Sikkens Prize
Sikkens Prize winnaars Structure

Structure; Joost Baljeu, Charles Biederman, Jean Gorin, Dick van Woerkom

De Sikkens Prize kent in 1962 een vijftal winnaars: beeldend kunstenaars Jean Gorin, Charles Biederman en Joost Baljeu, architect Dick van Woerkom en tijdschrift Structure (1958-1964), opgericht door Baljeu. Zij ontvingen de prijs voor de opleving van het constructivisme en de verbeelding van universele wetten in de lijn van De Stijl, met als doel: de algehele vernieuwing van onze sociale omgeving, van huis tot stad.

Neo-constructivisme

De onderlinge overeenkomst tussen de laureaten van 1962 is het (neo-)constructivisme dat in het verlengde ligt van De Stijl en Malevich. De vier zijn eveneens vertegenwoordigd op de tentoonstelling ‘Experiment in constructie’ die het jaar daarvoor in het Stedelijk Museum in Amsterdam heeft plaatsgevonden. Bovendien komen allen in het blad Structure voor. Bij de uitreiking van de prijs aan Structure c.s. wordt de motivatie van de commissie als volgt verwoord: “wij zijn blij met deze opleving van het constructivisme en plaatsen deze derde Sikkens Prize in de lijn van de twee voorgaande: Rietveld – spatiaal colorisme – Structure.”

Tijdschrift Structure

In dit Engelstalige internationaal gerichte tijdschrift stond de synthese tussen architectuur en beeldende kunst centraal. Er werd stelling genomen tegen de ‘golf van een ongebreidelde chaos die de naoorlogse beeldende kunst overspoelde’, en men tekende verzet aan tegen de l’art pour l’art houding die tachisme, Action Painting, Brutalisme en neo-Realisme kenmerkte, volgens de redactie. In plaats daarvan stelde men zich op een positief standpunt door de overtuiging dat een nieuwe opbouw van de wereld mogelijk was en men wilde dit verwezenlijken door een steeds verdergaande synthese der kunsten. Het achterliggend doel was de integratie van kunst en samenleving, waarbij de abstracte harmonie opgevat moest worden als metafoor voor een rechtvaardige en gelukkige moderne maatschappij. De koppeling esthetiek-ideologie-realiteit bleef echter vaag en gratuit. Hoe de omslag van theorie naar praktijk gemaakt moest worden bleef onduidelijk, zoals meestal bij dit soort idealisme.

Experiment in constructie

Tijdens de hierbovengenoemde tentoonstelling in het Stedelijk Museum Amsterdam werd werk getoond van acht kunstenaars uit verschillende landen, die allen in de neo-constructivistische richting werken. Hun abstract-geometrische schilderijen, sculpturen en maquettes zijn uiterlijk sterk aan elkaar verwant. Joost Baljeu was mede-organisator en publiceerde in de tentoonstellingscatalogus de tekst ‘De nieuwe beeldende uitdrukking’, welke getuigde van een veranderde opvatting van de werkelijkheid: De natuur als zichtbare werkelijkheid is niet langer uitgangspunt voor deze nieuwe kunst, maar de verbeelding van universele wetten, immateriële vormprincipes die aan de kosmos ten grondslag liggen.
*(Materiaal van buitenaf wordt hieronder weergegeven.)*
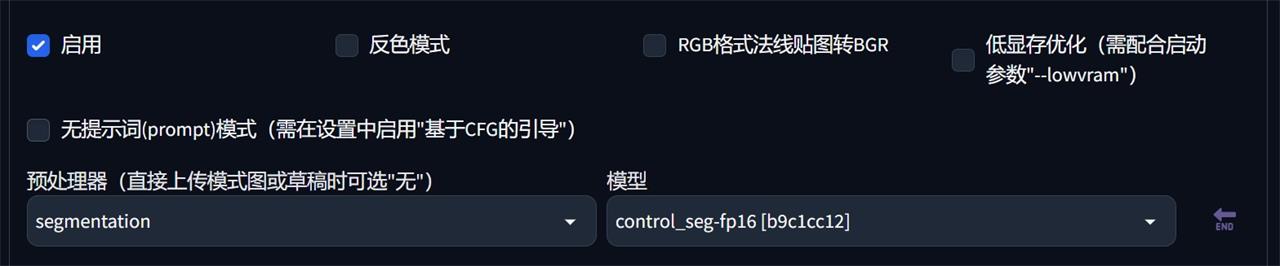 Stable Diffusion进阶!姥姥都能看懂的ControlNet超全教程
De nieuwe beeldende uitdrukking is geen weergave van deze werkelijkheid, maar vertaalt deze: een proces van intensiteit van verinnerlijking. Zij schept geen vormen maar plastische verhoudingen. De nieuwe beeldende uitdrukking is positief. In plaats van het zoeken naar het eigen ik, stelt zij de individuele mens als deel van de samenleving en elke bijdrage tot de gemeenschap als haar hoogste streven. Het is hierom dat de nieuwe beeldende uitdrukking tegelijk de algehele vernieuwing van onze sociale omgeving voorbereidt: van huis tot stad.